▶ [The problem]:
Set the data down exactly as it stands, and keep its pictures out.

▶ [Stored data]:
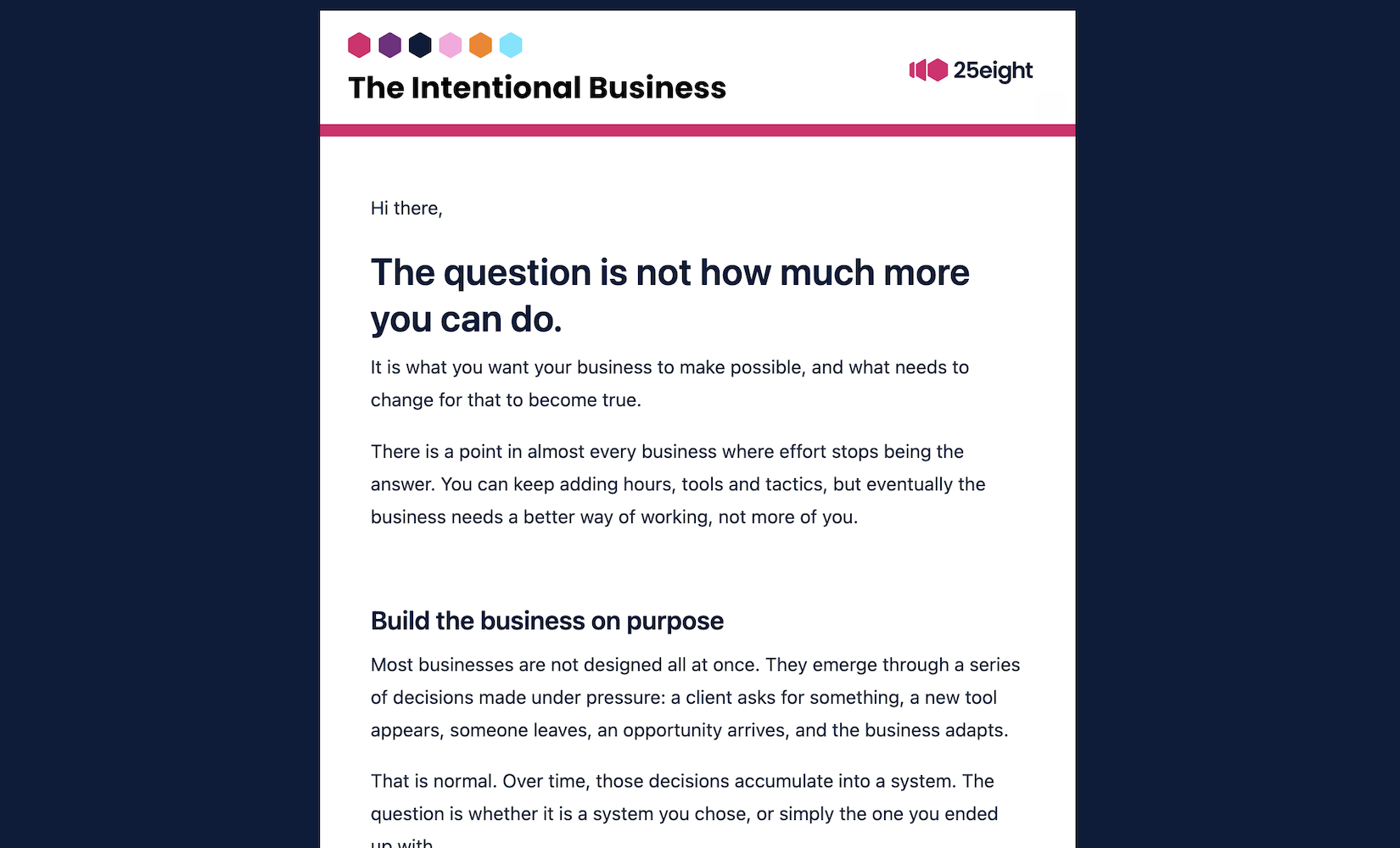An example edition of The Intentional Business newsletter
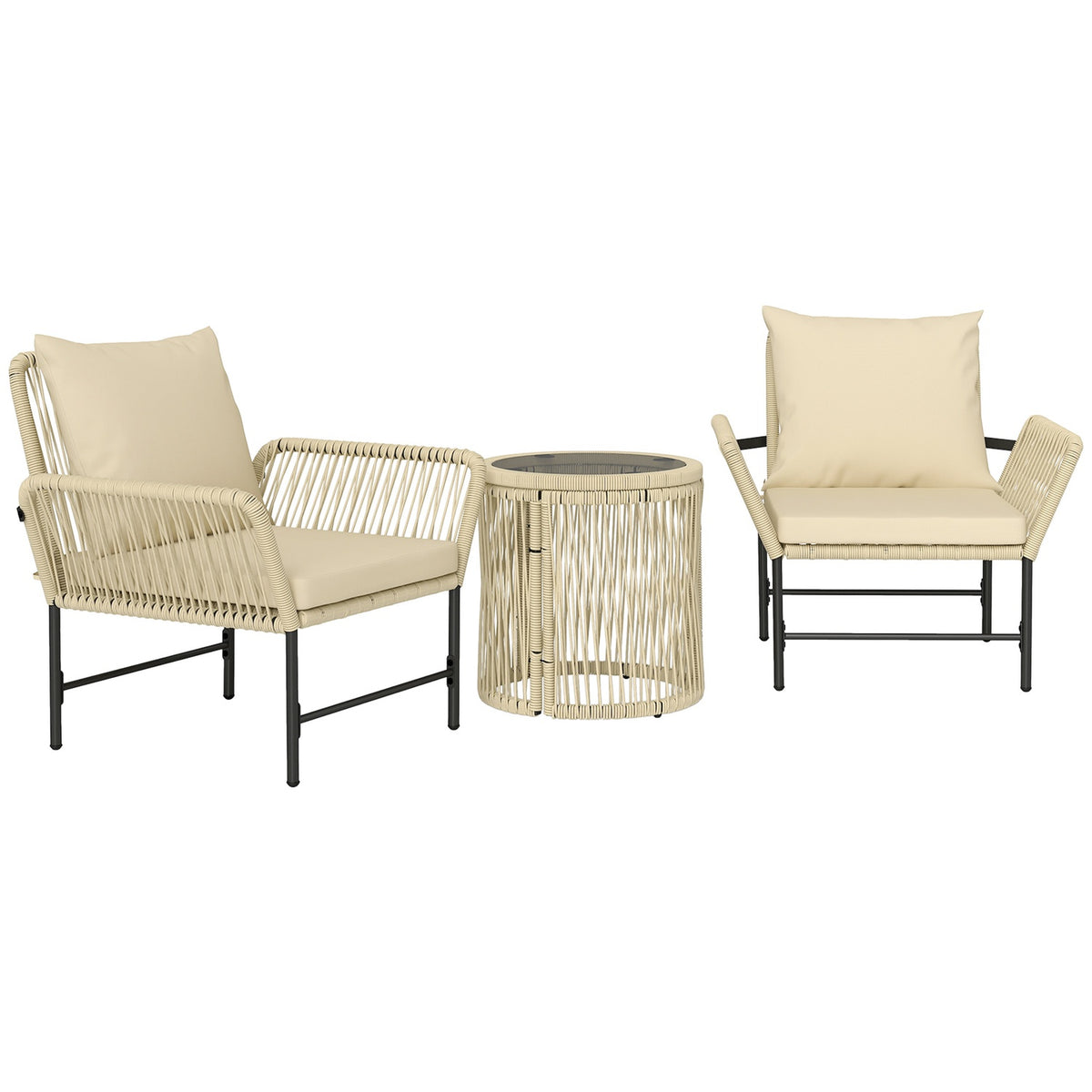 Polyrattan garden furniture set, outdoor lounge balcony furniture for 2 people, 3-piece seating group with 2 chairs, side table seat cushion, weatherproof garden lounge for garden, balcony, khaki + beige |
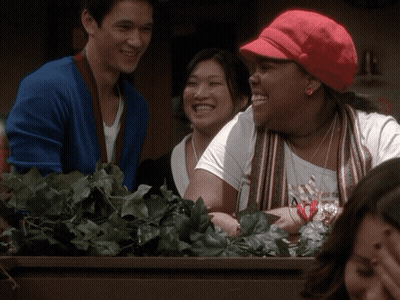Woman In Red Hat Laughing With Man And Woman GIF
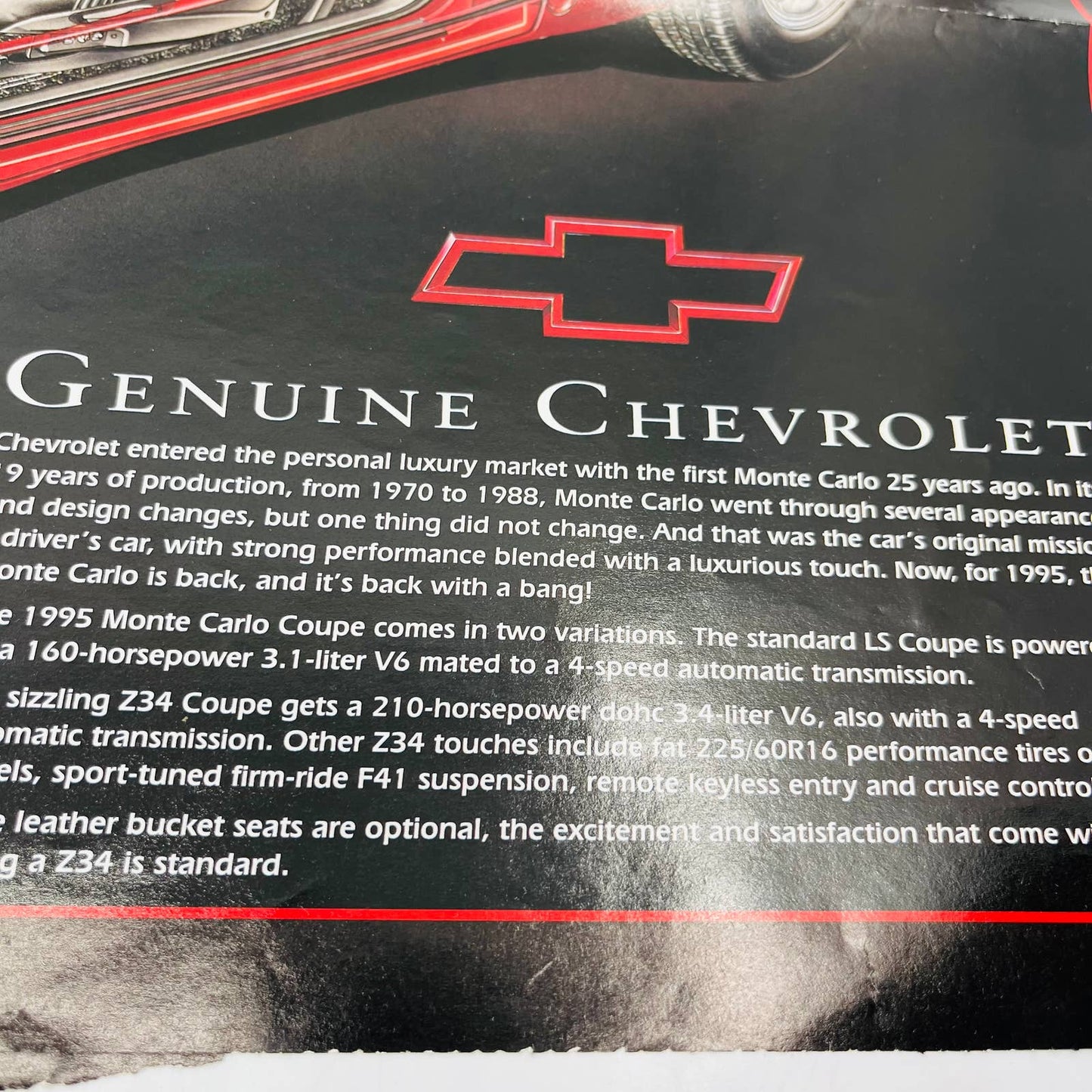 1995 Chevrolet Chevy Monte Carlo Z34 Racing Heritage Double Side Poster 21x15 C7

▶ [Written reply]:
An example edition of The Intentional Business newsletter
 Polyrattan garden furniture set, outdoor lounge balcony furniture for 2 people, 3-piece seating group with 2 chairs, side table seat cushion, weatherproof garden lounge for garden, balcony, khaki + beige |
Woman In Red Hat Laughing With Man And Woman GIF
 1995 Chevrolet Chevy Monte Carlo Z34 Racing Heritage Double Side Poster 21x15 C7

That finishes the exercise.